Big Data is often described by its attributes – volume, velocity, & veracity. But less often is it described by its source or by the value of some pre-analytic steps. That is our focus here.
First, the Sources
Enterprise Data. Most organizations are attuned to the data inside their organizations. They know they have a lot of it; it’s varied and growing all the time. Less often do they know any exactitude about this enterprise data. Less often still, what to do with it.
Public Data. More mysterious still is Public Data. There is so much of it (e.g. in the form of the internet) and it is not well formed. The information there is mostly written and so requires special handling called Natural Language Processing (NLP) to get anything useful out of it.
Social Media. Ah, then there is Social Media. A bit clearer, of late, to most decision-makers in terms of its value but no less problematic than Internet data in terms of handling text. And oh, those pesky hash tags, and shorthand nomenclature present some unique challenges.
Sensor Data. The (coming) Internet of Things (IoT) is all about the data embedded sensors are throwing off data from your refrigerator, thermostat, car, wristwatch and far more. A good deal of these sensors you will never know of, some more you will be asked permission to switch on, others still will be switched on by default and you will be asked if you want to turn it off. This last option, by the way, is likely to done in a way it is hoped you will miss or ignore.
Transactions. Here is a real treasure trove of clicks, timing, movement, card swipes, prices, buying, selling, and so much more. When a company or person makes a transaction a computer somewhere is likely to be writing it to a log file or database.
Imputed Data. Often overlooked, this type of data is created rather than collected based on comparisons or logic from the other data categories above. For example, a purchase transaction at a retail location is recorded with a time-stamp of 6:04 pm. The imputed data created here might by “night purchase” as opposed to “day purchase” and recorded as a new data input.
Ready, and Mix
Many organizations do not adequately explore the value of mixing data from these various sources. It becomes a bit of a sub-specialty to hunt down and creatively find connection points where one type of data can be folded into another and still maintain integrity.
But doing so has important benefits;
Data Completion. We don’t know of any organizations that are satisfied with the completeness of a single type of data sources. There are always holes. Many times, it is another source of data that can fill in the gaps and allow previously planned work to proceed. A corollary to this is finding analogous data. When the data you want doesn’t exist and there isn’t the right data to impute what you need you can sometimes find analogous data that fills the gap and analytically is valid. This often comes from other sources.
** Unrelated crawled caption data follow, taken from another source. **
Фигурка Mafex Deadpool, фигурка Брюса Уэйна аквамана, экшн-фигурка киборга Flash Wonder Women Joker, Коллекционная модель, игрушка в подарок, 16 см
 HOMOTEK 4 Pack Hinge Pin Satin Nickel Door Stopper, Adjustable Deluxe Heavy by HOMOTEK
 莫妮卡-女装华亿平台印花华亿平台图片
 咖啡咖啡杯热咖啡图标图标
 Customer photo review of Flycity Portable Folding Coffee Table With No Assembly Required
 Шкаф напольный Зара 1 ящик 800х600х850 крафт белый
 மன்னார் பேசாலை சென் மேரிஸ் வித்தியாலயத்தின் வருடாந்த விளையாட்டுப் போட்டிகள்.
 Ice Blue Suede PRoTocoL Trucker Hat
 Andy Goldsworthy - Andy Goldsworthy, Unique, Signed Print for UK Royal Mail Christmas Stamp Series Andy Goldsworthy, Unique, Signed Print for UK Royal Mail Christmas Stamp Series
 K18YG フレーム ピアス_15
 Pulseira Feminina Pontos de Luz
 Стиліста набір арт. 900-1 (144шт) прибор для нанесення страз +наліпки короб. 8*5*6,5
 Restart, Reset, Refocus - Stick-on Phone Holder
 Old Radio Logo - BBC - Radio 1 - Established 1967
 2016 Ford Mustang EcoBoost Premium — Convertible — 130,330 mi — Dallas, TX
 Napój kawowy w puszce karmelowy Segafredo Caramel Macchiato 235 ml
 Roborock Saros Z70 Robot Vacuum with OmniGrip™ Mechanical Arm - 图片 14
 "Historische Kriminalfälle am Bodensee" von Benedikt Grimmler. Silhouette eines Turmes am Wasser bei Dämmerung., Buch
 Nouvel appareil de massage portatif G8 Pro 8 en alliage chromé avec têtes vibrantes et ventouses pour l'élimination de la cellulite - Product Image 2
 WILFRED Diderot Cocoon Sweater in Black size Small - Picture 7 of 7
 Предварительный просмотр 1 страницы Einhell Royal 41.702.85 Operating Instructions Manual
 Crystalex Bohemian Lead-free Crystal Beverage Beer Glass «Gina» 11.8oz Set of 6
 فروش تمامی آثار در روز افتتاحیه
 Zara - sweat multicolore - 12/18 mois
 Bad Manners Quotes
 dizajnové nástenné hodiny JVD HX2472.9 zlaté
Enriching Models. From an analytical point of view mixing data types makes models of markets, companies or consumers “holistic”. If transaction data tells me about a consumers purchase, social media tells me about them personally. Both data types enrich each other for a more complete picture of the individual.
Further Imputing. Once mixed together 2 or more data types may reveal new data that can by imputed. When John knows Mary, and Bob knows Mary, then it is likely John knows Bob, though you may not have direct data evidence of it, this is a reasonable and valuable conclusion.
Like any good recipe, all ingredients together enhance the whole. Do the same with a variety of data, exploring, mixing, imputing, mixing some more – all with pleasure and for profit.